On Five Live he spoke about playing an iconic figure – and the danger of being typecast.
“I don’t think we’ll go any further than ’82…I think that…yeah.”
That prompted Simon to ask: “So is this the last series?”
Phil replied: “We’re contracted to do another series – so, we’ll see.
“But after that, I’m not sure, I think we might have run its course, actually.”
Here are some of the other highlights from the Five Live interview relating to the new series:
*“We’ve got quite a good police corruption storyline which will sort of be the underlying story for the first half of the series, which is quite fun…because there was quite a lot of it going on at the time.”

*As with previous series of Ashes and Mars, the writers put down in the script the choice of music they’d ideally like to be playing in the background. ”We were shooting a piece on Saturday where I have to be in the Audi Quattro. And we sort of spin it round and we’re looking for Alex Drake, and the writers had written, ‘The Eye Of The Tiger kicks off again.’ And you think, ‘Yeah.’”
*As already trailed, the second series of Ashes has gone darker. “Doing this series, we learned from the first what worked and what didn’t. We had chats and talks about it. So, hopefully, this series we’re more sure-footed, a bit more confident about where we’re going with this one – and we’ve brought in some new semi-regular characters.”
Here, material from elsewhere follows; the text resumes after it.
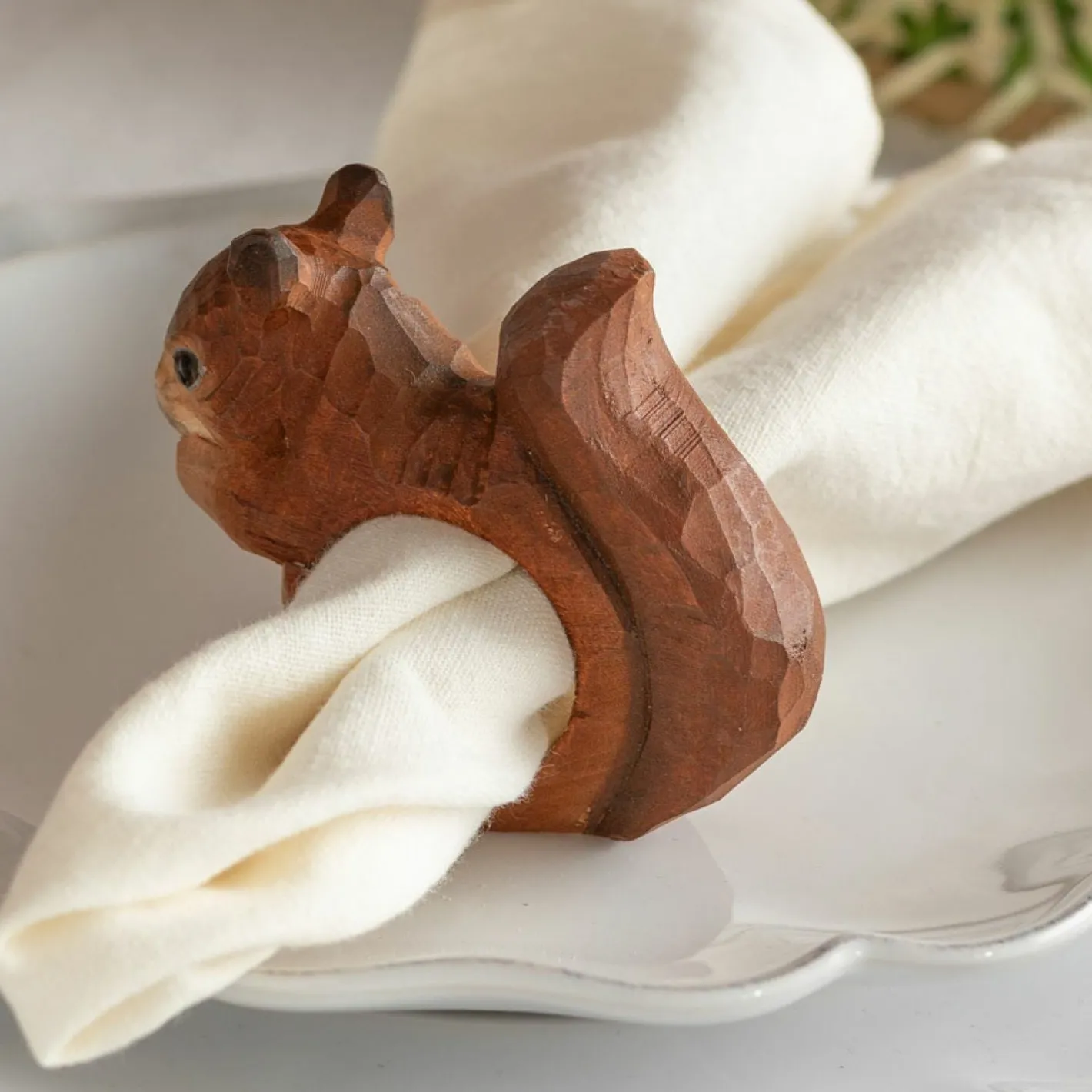 Graham & Green Table Cloths & Napkins|Table Cloths & Napkins<Squirrel Napkin Ring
*”We’d had some criticism for Ashes – some of it justifiable, some of it unjustifiable. It’s a personal opinion but I think we got a bit too comedic in places and there was a danger of caricaturing the situation. That was my biggest concern about it. I think a lot of the unfair criticism was towards Keeley and her performance. And I think they got quite personal. I thought it was pretty much unfounded, really, and unfair. And when it becomes personal like that, I don’t think there’s any place for it, really.”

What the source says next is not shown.